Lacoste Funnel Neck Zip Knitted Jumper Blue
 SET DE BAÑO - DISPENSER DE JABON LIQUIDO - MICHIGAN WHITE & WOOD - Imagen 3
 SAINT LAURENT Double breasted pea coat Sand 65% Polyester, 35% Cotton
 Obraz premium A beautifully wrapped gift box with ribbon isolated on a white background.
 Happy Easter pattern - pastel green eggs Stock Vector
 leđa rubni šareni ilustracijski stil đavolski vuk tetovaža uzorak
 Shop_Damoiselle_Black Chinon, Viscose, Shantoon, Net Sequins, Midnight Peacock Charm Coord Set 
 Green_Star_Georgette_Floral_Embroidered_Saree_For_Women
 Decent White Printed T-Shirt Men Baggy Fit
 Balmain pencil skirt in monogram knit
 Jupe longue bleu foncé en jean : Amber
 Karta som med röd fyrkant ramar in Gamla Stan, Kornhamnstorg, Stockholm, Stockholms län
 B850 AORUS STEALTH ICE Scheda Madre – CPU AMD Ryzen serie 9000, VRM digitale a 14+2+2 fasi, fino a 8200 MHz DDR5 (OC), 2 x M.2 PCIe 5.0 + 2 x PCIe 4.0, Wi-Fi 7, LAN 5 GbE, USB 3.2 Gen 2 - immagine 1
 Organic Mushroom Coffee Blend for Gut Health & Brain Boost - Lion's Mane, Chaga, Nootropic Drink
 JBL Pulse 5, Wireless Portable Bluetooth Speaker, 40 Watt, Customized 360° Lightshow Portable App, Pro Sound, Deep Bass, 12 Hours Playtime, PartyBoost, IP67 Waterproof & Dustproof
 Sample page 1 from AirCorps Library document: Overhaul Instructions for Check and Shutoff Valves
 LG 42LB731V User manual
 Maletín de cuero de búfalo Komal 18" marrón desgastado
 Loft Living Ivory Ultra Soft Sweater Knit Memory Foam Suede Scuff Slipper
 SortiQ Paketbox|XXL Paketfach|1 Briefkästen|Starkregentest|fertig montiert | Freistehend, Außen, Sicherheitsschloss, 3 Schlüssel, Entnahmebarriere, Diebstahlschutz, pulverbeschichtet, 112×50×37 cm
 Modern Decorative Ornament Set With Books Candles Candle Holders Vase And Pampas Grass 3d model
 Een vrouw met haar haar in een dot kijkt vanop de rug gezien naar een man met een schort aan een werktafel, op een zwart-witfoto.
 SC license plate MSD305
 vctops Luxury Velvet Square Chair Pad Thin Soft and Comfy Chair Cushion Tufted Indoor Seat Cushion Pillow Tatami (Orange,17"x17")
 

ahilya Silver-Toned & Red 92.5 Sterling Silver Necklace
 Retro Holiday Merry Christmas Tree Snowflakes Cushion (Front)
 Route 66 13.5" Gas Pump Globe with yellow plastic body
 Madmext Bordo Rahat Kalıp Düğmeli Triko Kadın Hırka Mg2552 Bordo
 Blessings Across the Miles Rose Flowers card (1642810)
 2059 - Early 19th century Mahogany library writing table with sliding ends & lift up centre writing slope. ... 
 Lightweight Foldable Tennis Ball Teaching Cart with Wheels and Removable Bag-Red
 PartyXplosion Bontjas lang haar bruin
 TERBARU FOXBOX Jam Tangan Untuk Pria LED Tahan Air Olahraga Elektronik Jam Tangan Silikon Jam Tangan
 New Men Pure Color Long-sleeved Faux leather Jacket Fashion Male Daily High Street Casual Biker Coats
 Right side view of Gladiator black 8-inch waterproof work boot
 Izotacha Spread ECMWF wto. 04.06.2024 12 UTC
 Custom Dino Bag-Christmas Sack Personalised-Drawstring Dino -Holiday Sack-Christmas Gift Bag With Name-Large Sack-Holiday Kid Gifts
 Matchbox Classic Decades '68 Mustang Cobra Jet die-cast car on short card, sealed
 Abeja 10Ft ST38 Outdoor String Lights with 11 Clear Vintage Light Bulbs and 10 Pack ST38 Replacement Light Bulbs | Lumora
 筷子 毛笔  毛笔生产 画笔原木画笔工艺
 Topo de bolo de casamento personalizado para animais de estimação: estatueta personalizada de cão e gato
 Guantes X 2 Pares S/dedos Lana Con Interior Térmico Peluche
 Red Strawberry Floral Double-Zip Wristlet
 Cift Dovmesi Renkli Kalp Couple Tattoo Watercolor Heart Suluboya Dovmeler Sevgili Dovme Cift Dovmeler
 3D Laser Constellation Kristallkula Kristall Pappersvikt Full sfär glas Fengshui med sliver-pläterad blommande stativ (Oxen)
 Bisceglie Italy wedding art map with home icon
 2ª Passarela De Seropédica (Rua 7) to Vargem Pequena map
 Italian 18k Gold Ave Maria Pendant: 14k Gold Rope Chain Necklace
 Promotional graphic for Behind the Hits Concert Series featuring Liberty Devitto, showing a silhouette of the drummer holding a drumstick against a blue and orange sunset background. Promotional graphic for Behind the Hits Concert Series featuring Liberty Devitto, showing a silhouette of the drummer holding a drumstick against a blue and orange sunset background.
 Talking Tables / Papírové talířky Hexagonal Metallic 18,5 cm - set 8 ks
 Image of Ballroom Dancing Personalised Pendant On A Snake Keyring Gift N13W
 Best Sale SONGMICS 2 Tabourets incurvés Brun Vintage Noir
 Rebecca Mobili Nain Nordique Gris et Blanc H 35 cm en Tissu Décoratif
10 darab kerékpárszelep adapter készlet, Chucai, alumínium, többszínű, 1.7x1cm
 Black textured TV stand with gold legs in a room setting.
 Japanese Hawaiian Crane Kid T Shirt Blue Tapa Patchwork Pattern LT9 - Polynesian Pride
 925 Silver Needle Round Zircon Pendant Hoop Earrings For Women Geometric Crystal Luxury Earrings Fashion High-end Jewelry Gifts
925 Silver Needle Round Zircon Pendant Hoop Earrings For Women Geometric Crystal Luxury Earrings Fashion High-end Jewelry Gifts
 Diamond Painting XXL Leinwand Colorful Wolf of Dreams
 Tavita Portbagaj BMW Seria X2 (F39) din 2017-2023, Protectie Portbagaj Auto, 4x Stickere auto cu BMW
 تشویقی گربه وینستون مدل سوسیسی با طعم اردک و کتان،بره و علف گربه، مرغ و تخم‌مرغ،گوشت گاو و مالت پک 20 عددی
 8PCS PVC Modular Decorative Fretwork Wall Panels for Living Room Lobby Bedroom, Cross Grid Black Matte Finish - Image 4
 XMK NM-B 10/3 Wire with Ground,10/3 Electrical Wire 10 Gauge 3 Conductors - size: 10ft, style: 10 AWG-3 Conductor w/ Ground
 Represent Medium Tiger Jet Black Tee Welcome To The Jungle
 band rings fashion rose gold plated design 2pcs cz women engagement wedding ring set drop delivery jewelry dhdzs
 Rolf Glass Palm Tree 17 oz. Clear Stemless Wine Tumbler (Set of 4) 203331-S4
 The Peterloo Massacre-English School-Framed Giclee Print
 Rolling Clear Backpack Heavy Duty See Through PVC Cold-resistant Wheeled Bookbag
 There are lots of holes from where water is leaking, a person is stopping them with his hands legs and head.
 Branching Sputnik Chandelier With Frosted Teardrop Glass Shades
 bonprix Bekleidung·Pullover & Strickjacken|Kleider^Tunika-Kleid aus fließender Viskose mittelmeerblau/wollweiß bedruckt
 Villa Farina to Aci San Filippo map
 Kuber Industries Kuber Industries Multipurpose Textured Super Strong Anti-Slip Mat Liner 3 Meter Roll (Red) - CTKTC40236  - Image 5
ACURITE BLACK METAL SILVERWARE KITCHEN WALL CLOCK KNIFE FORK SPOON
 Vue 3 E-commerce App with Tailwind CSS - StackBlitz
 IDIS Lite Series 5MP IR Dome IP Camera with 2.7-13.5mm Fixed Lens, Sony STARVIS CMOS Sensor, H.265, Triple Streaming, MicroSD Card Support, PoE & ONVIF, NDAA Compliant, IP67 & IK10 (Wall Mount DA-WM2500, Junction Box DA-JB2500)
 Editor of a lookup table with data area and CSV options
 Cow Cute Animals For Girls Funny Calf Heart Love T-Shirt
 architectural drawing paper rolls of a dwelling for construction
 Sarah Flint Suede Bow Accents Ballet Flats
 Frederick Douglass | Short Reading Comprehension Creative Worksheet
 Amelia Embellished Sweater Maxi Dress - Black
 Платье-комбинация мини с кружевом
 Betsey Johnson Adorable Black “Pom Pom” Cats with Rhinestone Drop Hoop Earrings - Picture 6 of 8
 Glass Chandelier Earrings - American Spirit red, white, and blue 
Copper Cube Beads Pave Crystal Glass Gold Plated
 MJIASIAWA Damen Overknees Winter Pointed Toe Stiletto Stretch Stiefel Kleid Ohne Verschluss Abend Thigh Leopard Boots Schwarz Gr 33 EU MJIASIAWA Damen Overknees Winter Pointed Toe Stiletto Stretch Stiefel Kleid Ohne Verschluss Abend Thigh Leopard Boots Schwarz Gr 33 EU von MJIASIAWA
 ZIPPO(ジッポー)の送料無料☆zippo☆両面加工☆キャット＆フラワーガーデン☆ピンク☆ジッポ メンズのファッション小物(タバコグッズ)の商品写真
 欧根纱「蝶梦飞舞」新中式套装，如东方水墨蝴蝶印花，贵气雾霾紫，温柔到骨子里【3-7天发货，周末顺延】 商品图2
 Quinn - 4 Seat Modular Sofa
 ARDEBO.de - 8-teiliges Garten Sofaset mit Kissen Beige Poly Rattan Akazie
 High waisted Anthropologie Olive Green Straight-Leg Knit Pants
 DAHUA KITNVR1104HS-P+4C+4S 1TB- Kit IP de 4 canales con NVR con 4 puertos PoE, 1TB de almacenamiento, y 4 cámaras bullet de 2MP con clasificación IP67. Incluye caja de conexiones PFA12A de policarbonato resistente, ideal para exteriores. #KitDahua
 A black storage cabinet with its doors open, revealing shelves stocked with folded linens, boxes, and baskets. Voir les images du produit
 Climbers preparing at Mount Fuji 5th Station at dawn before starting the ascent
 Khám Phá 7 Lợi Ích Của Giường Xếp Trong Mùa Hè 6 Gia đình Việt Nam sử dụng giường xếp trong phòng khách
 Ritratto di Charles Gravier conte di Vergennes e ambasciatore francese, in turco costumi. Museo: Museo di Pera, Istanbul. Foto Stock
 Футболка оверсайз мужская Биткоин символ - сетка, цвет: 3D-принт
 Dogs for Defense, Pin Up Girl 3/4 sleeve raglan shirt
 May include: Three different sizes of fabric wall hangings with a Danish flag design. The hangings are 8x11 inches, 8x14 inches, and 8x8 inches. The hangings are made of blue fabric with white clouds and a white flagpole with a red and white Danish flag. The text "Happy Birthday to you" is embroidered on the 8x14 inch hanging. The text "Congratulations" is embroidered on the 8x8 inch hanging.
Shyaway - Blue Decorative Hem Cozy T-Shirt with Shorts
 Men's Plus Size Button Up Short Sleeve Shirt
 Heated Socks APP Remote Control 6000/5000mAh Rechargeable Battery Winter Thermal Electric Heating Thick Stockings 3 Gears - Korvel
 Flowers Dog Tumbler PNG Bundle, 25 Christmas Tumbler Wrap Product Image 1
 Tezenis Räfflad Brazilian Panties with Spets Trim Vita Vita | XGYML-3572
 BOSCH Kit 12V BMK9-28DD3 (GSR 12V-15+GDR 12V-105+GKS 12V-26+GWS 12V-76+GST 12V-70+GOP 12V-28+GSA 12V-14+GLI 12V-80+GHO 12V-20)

···

## Assignment
Quote the listing above, but only from the line that shows "band rings fashion" through the line that shows "Kuber Industries Kuber".

## Your response
 band rings fashion rose gold plated design 2pcs cz women engagement wedding ring set drop delivery jewelry dhdzs
 Rolf Glass Palm Tree 17 oz. Clear Stemless Wine Tumbler (Set of 4) 203331-S4
 The Peterloo Massacre-English School-Framed Giclee Print
 Rolling Clear Backpack Heavy Duty See Through PVC Cold-resistant Wheeled Bookbag
 There are lots of holes from where water is leaking, a person is stopping them with his hands legs and head.
 Branching Sputnik Chandelier With Frosted Teardrop Glass Shades
 bonprix Bekleidung·Pullover & Strickjacken|Kleider^Tunika-Kleid aus fließender Viskose mittelmeerblau/wollweiß bedruckt
 Villa Farina to Aci San Filippo map
 Kuber Industries Kuber Industries Multipurpose Textured Super Strong Anti-Slip Mat Liner 3 Meter Roll (Red) - CTKTC40236  - Image 5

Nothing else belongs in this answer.